— Quel conquérant tu fais ! Ah ! C’est beau d’être jeune ! Moi, je suis fatigué. Je ne sortirai pas. Tu dînes avec moi ? Je ferai servir ici.
— Si tu veux.
Baratof sonna. Et, quelques minutes après, les deux hommes s’asseyaient devant une table dressée par le maître d’hôtel de l’étage et élégamment servie.
À huit heures et demie, on en était au café et aux liqueurs, Baratof s’étira avec un soupir de satisfaction béate.
— Ah ! C’est agréable de bien dîner, de fumer un bon cigare et de se reposer. Rien de tel dans la vie.
— Alors, voyons, Baratof, dit Gérard en se levant, tu ne veux vraiment pas t’habiller et sortir avec moi ? Je t’aurais présenté à mes amis…
— Non, ce soir, je ne bouge pas…
— Tu ménages tes forces, dit Gérard, railleur. Tu veux êtes frais pour la visite de la jeune personne des laboratoires, demain matin…
— Peut-être. Je te répète, mon petit, que je n’ai plus ta belle jeunesse…
Une ironie sourde se mêlait à la gaîté de Baratof. Gérard la perçut. Il fixa les yeux sur le Russe, qui lui opposa un regard placide et narquois.
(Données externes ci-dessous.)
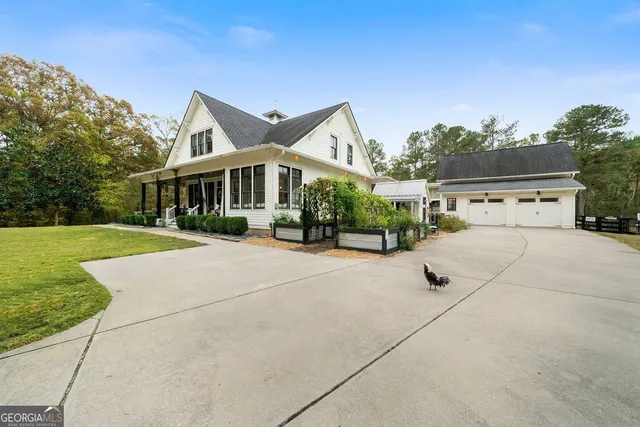 $1,550,000 | 791 Polk Lane, Dallas, GA 30132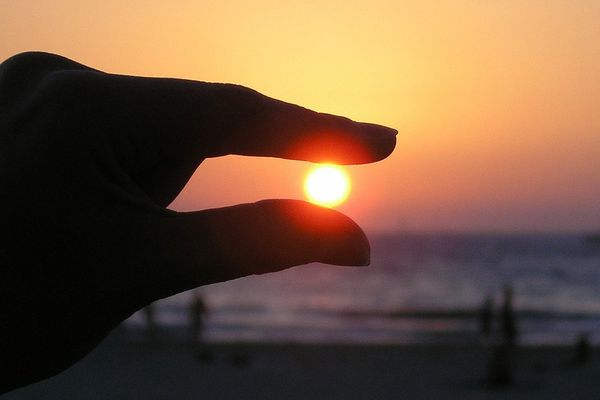 Soleil, soleil et soleil jusque dimanche soir au moins selon Météo France.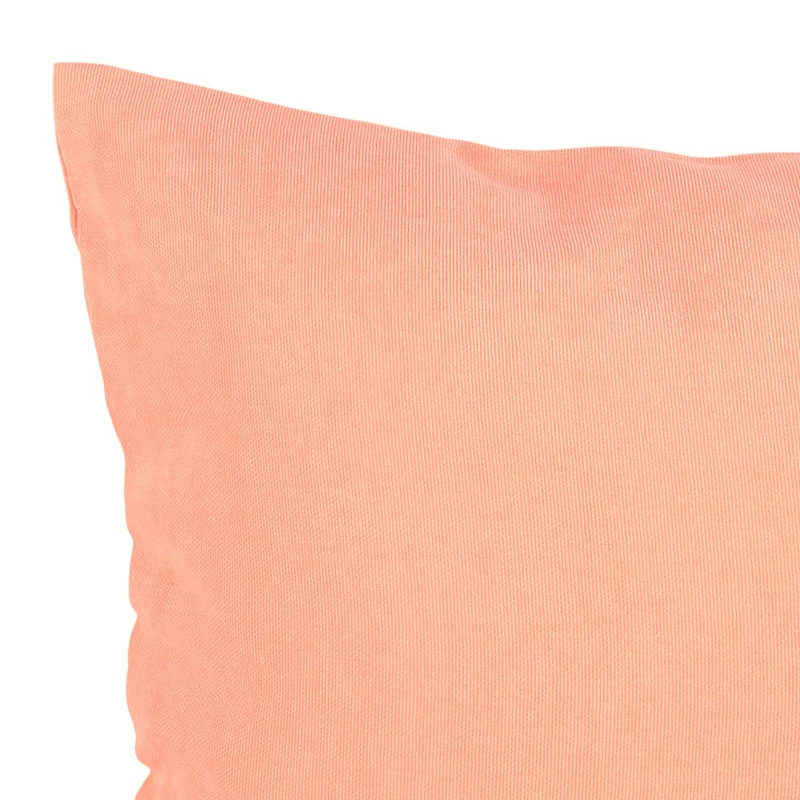 Kissenhülle "Coral Monaco Diamond"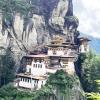 Bhutan tour 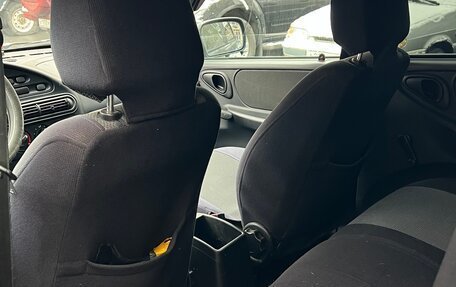 Chevrolet Niva I рестайлинг, 2014 год, 559 000 рублей, 8 фотография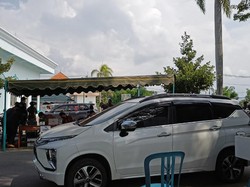 Tamu Undangan Resepsi Pernikahan Ustaz Abdul Somad Harus Tes GeNose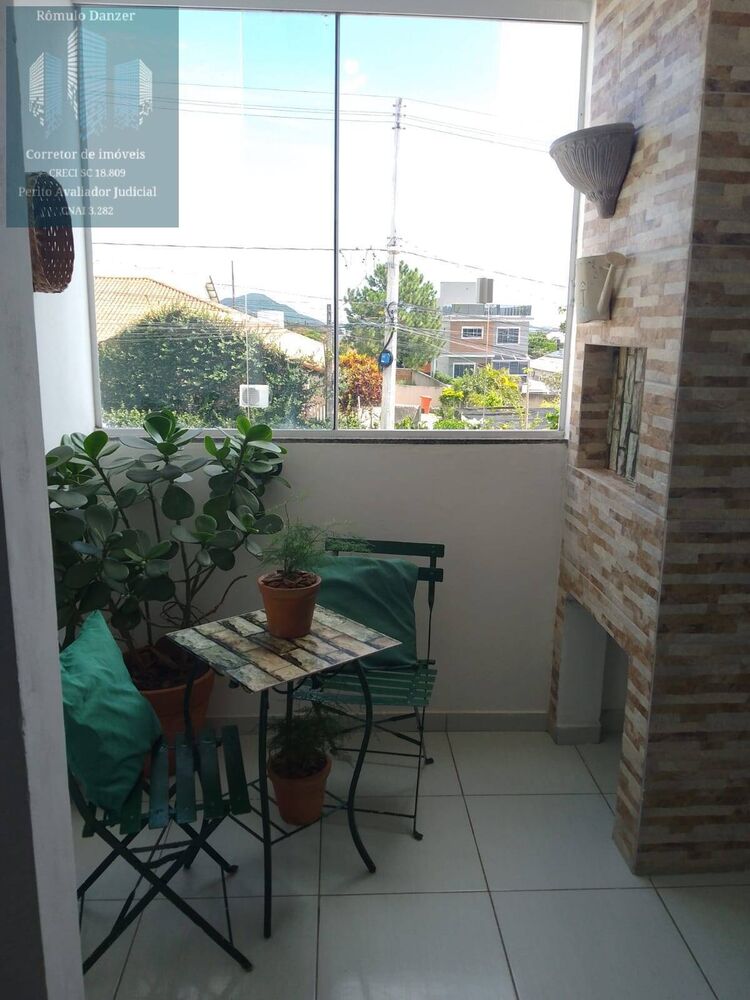 Apartamento, 2 quartos, 86 m² - Foto 2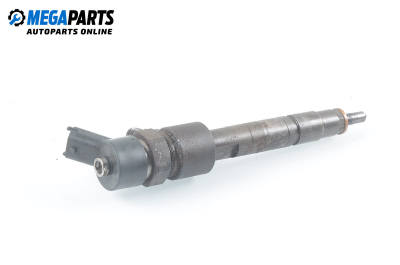 Дюза дизел за Fiat Stilo Hatchback (10.2001 - 11.2010) 1.9 JTD (192_XF1A), 80 к.с., № Bosch 0 445 110 119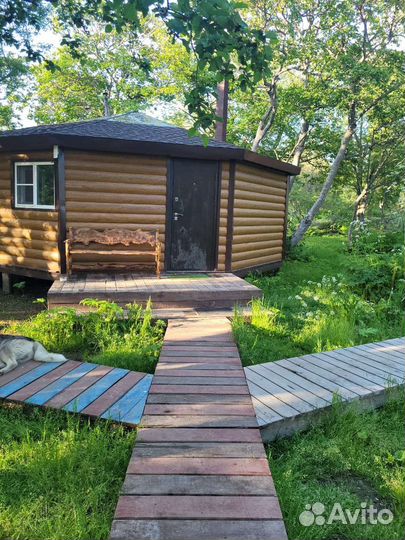 Рыбалка и отдых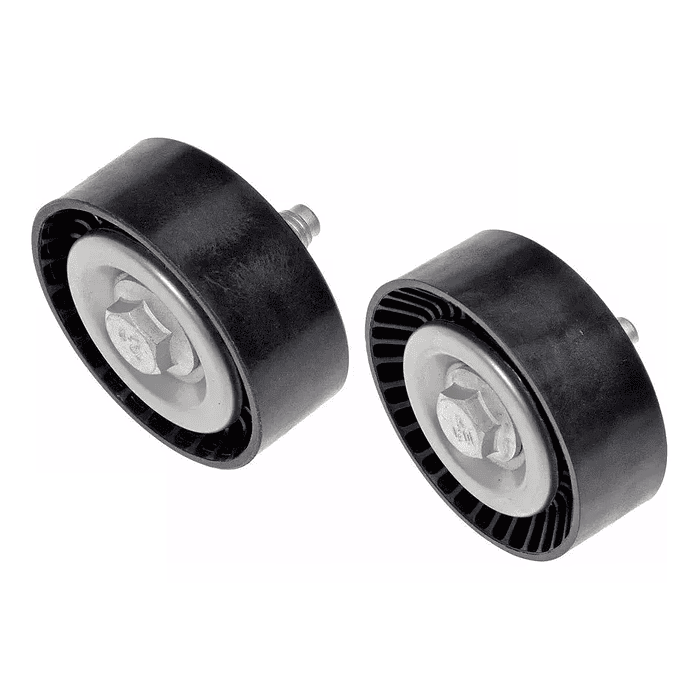 Kit Correa Accesorios Jeep Compass 2007-2018 Original Mopar 3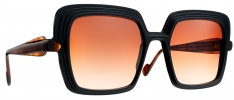 265 KELIA BLACK / HAVANA - KELIA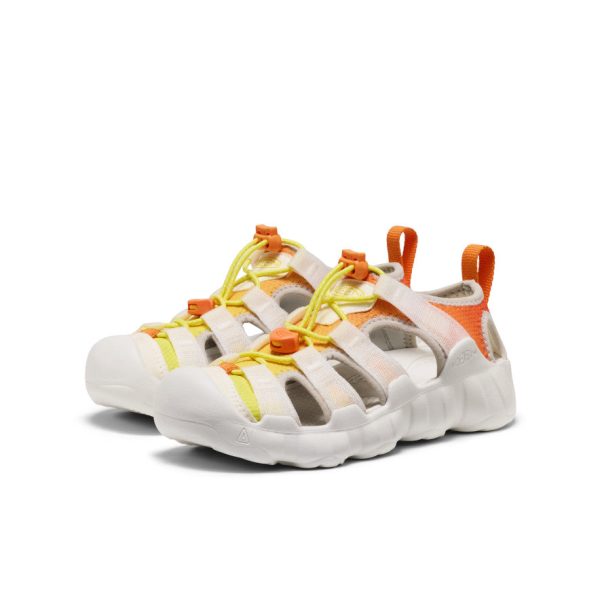 Big Kids' Hyperport H2 Sandal  |  Evening Primrose/Grenadine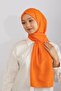 Imported Monogram - Orange - 3
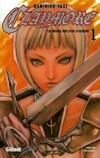  Achetez le livre d'occasion Claymore (Shueisha) Tome I sur Livrenpoche.com 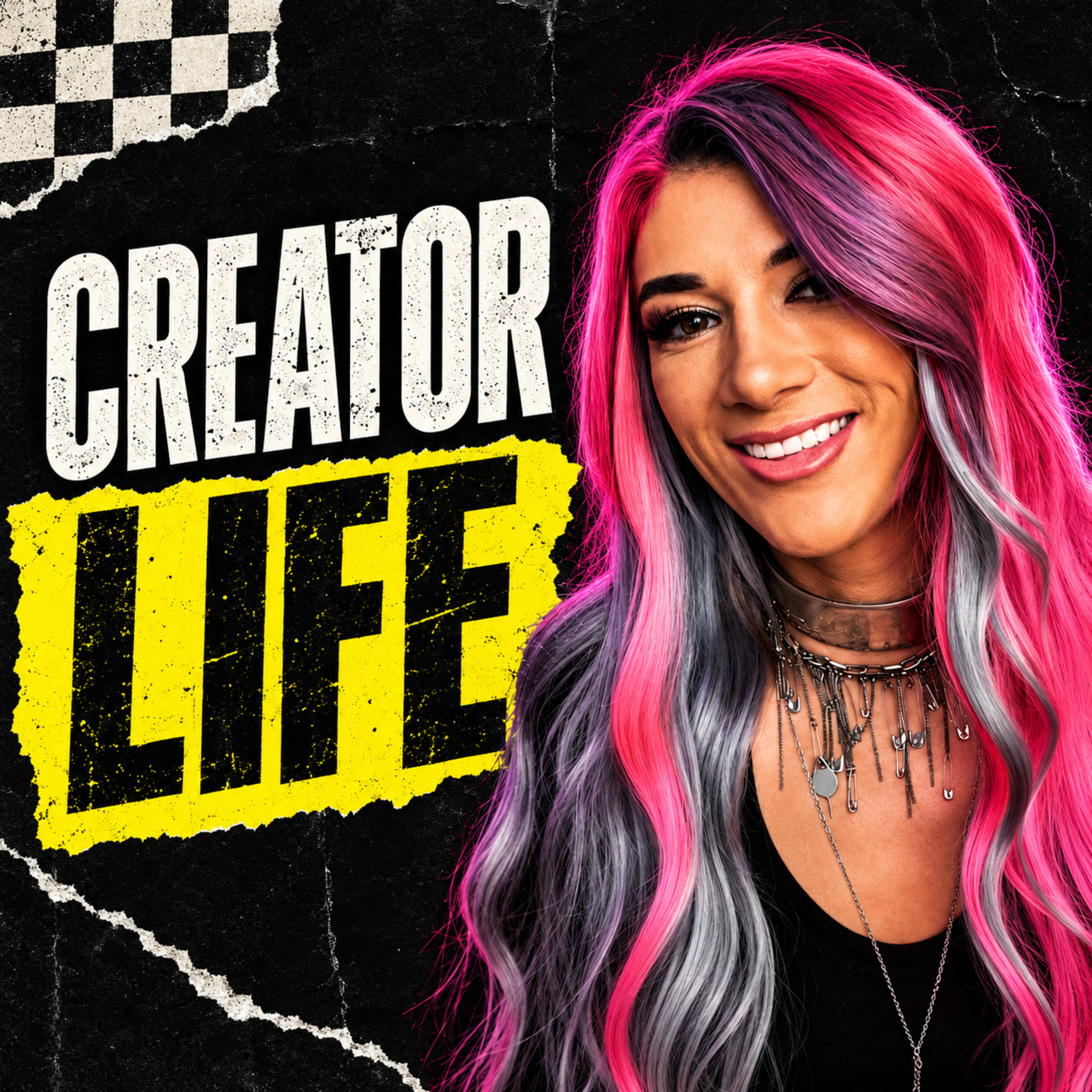 Alex Drachnik: Blink-182, Creator Burnout & Internet Fame episode artwork
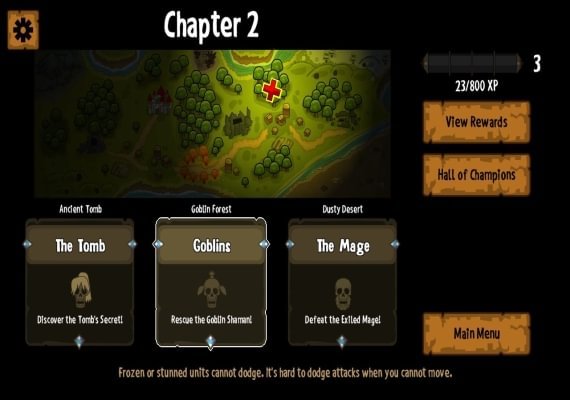 Reverse Crawl EN Global screenshot 2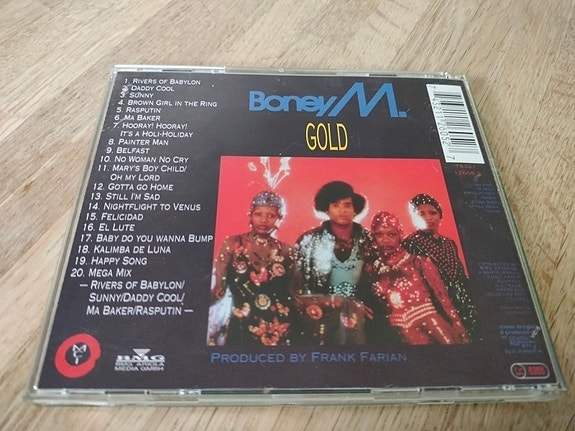 Product image 2 of 3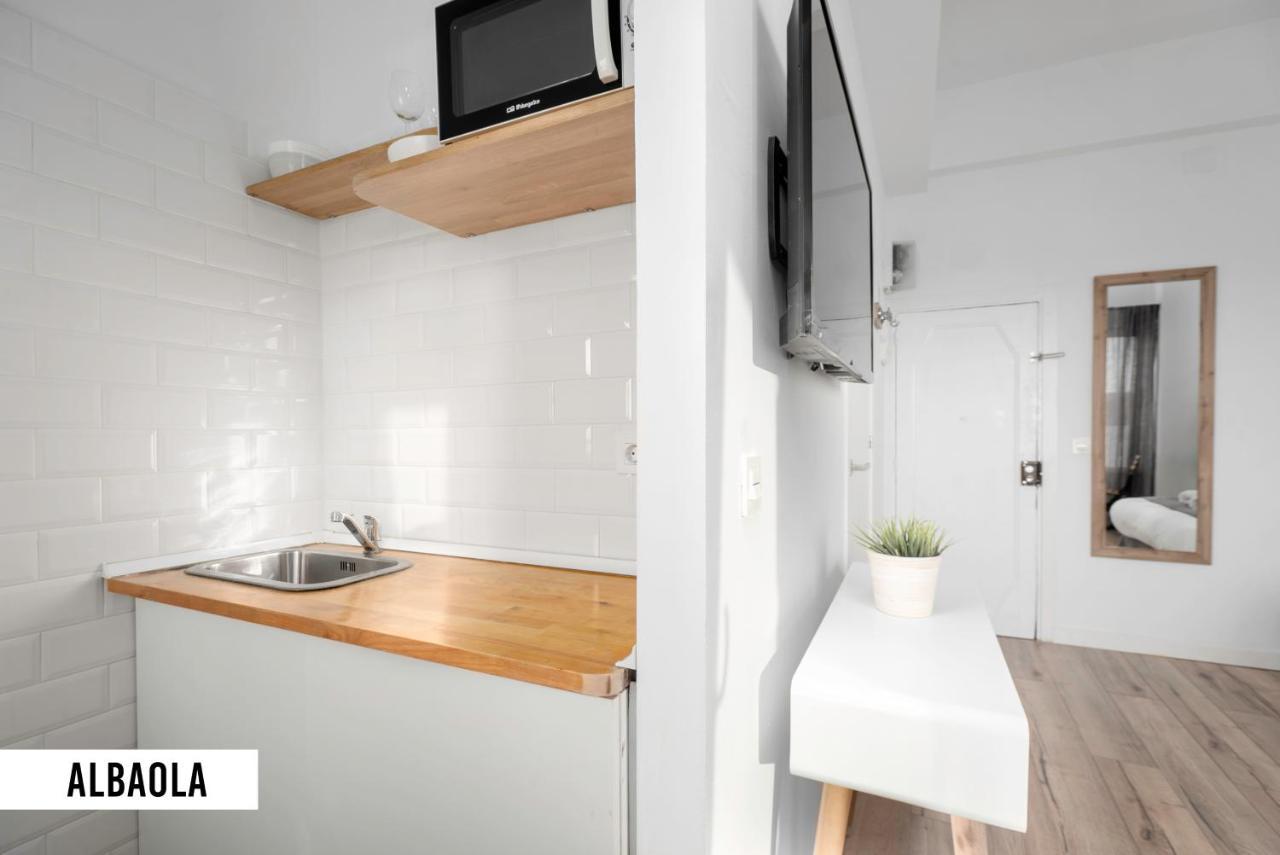Apartment Ssforyou/ Zurriola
Quelles étaient ses intentions ? Qu’allait-il entreprendre à l’égard de Nelly-Rose ? Que se permettrait-il si, le lendemain, la jeune fille venait au Nouveau-Palace ?
Mais Gérard avait jusqu’au lendemain pour prévenir Nelly-Rose. Il allait tenter de la rencontrer au théâtre ou bien à ce bal, si elle se décidait à s’y rendre. Coûte que coûte, il lui parlerait, l’avertirait, et, par tous les moyens, la protégerait.